Start of RECORD EXCERPTS

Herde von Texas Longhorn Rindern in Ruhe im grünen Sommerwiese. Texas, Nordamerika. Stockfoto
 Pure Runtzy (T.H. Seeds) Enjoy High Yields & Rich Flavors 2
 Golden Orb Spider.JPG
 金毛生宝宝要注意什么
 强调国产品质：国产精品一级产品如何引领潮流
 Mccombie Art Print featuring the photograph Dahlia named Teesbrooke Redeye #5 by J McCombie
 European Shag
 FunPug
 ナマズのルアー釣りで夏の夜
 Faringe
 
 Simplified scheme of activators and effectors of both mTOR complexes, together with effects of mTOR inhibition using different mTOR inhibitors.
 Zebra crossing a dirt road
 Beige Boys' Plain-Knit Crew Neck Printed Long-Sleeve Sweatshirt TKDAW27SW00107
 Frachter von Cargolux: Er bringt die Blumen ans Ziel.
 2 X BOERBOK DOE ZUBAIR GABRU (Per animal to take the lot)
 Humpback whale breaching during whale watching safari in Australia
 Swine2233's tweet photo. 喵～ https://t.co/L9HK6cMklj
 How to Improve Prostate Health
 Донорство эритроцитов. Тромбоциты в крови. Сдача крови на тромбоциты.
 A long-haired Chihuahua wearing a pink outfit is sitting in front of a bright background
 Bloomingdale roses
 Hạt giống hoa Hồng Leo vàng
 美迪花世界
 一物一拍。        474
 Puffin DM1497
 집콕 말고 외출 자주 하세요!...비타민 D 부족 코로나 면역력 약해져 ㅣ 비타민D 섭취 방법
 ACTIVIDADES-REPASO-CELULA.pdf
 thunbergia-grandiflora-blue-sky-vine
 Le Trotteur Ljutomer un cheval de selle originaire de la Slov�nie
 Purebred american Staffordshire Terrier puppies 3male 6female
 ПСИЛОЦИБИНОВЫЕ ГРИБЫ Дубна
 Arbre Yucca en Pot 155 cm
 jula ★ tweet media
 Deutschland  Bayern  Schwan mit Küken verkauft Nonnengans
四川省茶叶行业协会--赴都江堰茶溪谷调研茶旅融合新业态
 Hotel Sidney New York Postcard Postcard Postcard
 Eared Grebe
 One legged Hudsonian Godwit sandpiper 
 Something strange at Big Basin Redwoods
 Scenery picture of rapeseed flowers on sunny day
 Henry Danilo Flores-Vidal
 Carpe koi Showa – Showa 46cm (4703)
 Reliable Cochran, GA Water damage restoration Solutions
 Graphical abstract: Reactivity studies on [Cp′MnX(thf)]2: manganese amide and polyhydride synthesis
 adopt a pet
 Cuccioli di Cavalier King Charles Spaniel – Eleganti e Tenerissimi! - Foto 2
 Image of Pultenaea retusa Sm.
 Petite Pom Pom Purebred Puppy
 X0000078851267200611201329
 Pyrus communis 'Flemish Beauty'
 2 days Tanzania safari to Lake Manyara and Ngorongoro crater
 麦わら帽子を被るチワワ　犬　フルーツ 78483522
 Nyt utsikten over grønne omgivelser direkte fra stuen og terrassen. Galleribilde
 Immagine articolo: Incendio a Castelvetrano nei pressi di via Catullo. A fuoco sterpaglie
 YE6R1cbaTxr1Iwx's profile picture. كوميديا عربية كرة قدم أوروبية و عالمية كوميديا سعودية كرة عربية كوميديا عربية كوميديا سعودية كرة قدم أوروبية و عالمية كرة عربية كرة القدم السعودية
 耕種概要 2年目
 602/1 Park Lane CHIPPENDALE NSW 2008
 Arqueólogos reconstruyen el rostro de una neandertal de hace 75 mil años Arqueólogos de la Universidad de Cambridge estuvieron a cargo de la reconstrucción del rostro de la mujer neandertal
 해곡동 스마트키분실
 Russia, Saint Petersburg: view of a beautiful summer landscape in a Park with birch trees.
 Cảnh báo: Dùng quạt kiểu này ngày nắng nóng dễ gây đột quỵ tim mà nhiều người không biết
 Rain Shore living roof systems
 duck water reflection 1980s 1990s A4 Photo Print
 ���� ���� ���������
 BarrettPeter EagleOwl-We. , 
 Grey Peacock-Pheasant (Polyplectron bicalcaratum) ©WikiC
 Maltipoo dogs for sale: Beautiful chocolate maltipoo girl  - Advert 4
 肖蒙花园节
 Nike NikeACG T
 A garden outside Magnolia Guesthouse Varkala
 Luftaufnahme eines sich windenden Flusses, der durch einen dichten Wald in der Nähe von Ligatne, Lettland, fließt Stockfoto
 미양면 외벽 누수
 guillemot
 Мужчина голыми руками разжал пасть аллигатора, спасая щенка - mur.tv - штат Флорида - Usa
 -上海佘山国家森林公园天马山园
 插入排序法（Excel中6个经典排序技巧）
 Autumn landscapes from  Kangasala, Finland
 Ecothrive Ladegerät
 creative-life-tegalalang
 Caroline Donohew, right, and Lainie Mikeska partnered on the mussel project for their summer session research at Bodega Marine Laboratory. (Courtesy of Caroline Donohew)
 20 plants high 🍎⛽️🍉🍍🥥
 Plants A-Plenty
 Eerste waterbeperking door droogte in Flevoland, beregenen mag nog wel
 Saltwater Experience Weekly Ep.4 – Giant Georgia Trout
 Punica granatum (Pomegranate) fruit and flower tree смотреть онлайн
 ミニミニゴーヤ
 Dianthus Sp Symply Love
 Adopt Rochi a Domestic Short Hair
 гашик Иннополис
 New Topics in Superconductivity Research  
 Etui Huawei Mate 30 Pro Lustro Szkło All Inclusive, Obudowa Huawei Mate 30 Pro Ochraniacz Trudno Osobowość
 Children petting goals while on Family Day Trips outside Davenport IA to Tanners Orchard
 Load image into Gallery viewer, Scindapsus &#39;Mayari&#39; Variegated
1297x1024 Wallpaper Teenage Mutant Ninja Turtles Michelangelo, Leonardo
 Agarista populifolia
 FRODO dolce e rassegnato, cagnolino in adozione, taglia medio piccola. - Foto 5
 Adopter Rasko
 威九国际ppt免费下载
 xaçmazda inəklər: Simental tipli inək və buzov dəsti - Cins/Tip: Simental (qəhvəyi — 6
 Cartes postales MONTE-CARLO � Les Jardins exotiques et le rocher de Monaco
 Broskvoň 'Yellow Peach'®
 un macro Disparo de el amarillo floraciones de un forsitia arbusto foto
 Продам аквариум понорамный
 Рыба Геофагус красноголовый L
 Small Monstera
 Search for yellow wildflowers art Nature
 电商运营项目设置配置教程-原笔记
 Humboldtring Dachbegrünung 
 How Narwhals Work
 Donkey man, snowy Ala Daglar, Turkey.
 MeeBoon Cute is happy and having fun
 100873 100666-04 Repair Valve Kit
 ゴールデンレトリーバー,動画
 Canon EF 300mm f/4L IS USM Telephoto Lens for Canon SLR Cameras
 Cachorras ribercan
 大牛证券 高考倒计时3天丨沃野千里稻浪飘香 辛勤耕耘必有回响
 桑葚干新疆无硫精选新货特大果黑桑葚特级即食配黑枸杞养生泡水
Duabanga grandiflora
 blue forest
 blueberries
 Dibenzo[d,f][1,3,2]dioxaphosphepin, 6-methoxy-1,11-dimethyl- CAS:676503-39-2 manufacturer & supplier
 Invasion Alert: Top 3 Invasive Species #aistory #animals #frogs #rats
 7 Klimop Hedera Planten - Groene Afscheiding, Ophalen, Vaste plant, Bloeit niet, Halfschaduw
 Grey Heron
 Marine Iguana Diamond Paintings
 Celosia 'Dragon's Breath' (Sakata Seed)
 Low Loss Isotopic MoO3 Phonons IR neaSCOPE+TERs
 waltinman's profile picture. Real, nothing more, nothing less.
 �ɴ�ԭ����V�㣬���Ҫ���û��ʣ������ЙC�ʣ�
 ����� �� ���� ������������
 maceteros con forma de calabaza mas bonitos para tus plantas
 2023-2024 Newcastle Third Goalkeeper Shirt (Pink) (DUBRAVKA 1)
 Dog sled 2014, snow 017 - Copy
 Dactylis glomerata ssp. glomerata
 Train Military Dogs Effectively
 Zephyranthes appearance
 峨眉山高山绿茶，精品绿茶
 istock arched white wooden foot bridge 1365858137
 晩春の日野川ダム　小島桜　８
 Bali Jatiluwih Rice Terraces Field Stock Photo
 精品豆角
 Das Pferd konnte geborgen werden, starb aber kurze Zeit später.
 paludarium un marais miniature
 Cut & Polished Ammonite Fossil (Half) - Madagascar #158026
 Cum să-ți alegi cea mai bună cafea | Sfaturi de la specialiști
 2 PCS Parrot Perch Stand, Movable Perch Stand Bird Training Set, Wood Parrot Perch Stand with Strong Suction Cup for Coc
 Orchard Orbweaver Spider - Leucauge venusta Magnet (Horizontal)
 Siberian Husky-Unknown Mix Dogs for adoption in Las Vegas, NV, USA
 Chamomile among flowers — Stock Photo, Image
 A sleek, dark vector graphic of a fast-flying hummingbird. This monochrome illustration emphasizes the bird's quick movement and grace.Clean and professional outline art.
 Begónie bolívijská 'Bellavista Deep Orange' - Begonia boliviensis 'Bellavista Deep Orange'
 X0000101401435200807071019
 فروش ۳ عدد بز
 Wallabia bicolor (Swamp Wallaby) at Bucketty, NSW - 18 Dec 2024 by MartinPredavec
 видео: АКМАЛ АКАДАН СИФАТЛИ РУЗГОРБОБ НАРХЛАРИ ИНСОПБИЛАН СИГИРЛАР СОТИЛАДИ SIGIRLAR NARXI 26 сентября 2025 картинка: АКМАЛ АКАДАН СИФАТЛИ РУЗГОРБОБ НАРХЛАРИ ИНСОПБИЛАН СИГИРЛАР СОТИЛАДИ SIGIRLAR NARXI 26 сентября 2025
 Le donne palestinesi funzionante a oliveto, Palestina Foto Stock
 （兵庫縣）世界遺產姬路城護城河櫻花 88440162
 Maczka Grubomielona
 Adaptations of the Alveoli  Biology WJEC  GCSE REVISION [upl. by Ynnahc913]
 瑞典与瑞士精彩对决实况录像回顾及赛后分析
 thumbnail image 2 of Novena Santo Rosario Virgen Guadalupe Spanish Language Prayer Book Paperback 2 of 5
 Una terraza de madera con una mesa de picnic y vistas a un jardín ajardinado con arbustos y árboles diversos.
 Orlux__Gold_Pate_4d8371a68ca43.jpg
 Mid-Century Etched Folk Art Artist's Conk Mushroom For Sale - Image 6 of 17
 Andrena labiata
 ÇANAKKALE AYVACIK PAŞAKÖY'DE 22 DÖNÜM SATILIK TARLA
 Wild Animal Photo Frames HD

End of RECORD EXCERPTS

> **GOAL OF THE EXERCISE**:
What is needed is every line from the start of the entries through the line containing "One legged Hudsonian Godwit sandpiper", returned word for word and nothing else.

> **REPLY TO THE EXERCISE**:
Herde von Texas Longhorn Rindern in Ruhe im grünen Sommerwiese. Texas, Nordamerika. Stockfoto
 Pure Runtzy (T.H. Seeds) Enjoy High Yields & Rich Flavors 2
 Golden Orb Spider.JPG
 金毛生宝宝要注意什么
 强调国产品质：国产精品一级产品如何引领潮流
 Mccombie Art Print featuring the photograph Dahlia named Teesbrooke Redeye #5 by J McCombie
 European Shag
 FunPug
 ナマズのルアー釣りで夏の夜
 Faringe
 
 Simplified scheme of activators and effectors of both mTOR complexes, together with effects of mTOR inhibition using different mTOR inhibitors.
 Zebra crossing a dirt road
 Beige Boys' Plain-Knit Crew Neck Printed Long-Sleeve Sweatshirt TKDAW27SW00107
 Frachter von Cargolux: Er bringt die Blumen ans Ziel.
 2 X BOERBOK DOE ZUBAIR GABRU (Per animal to take the lot)
 Humpback whale breaching during whale watching safari in Australia
 Swine2233's tweet photo. 喵～ https://t.co/L9HK6cMklj
 How to Improve Prostate Health
 Донорство эритроцитов. Тромбоциты в крови. Сдача крови на тромбоциты.
 A long-haired Chihuahua wearing a pink outfit is sitting in front of a bright background
 Bloomingdale roses
 Hạt giống hoa Hồng Leo vàng
 美迪花世界
 一物一拍。        474
 Puffin DM1497
 집콕 말고 외출 자주 하세요!...비타민 D 부족 코로나 면역력 약해져 ㅣ 비타민D 섭취 방법
 ACTIVIDADES-REPASO-CELULA.pdf
 thunbergia-grandiflora-blue-sky-vine
 Le Trotteur Ljutomer un cheval de selle originaire de la Slov�nie
 Purebred american Staffordshire Terrier puppies 3male 6female
 ПСИЛОЦИБИНОВЫЕ ГРИБЫ Дубна
 Arbre Yucca en Pot 155 cm
 jula ★ tweet media
 Deutschland  Bayern  Schwan mit Küken verkauft Nonnengans
四川省茶叶行业协会--赴都江堰茶溪谷调研茶旅融合新业态
 Hotel Sidney New York Postcard Postcard Postcard
 Eared Grebe
 One legged Hudsonian Godwit sandpiper 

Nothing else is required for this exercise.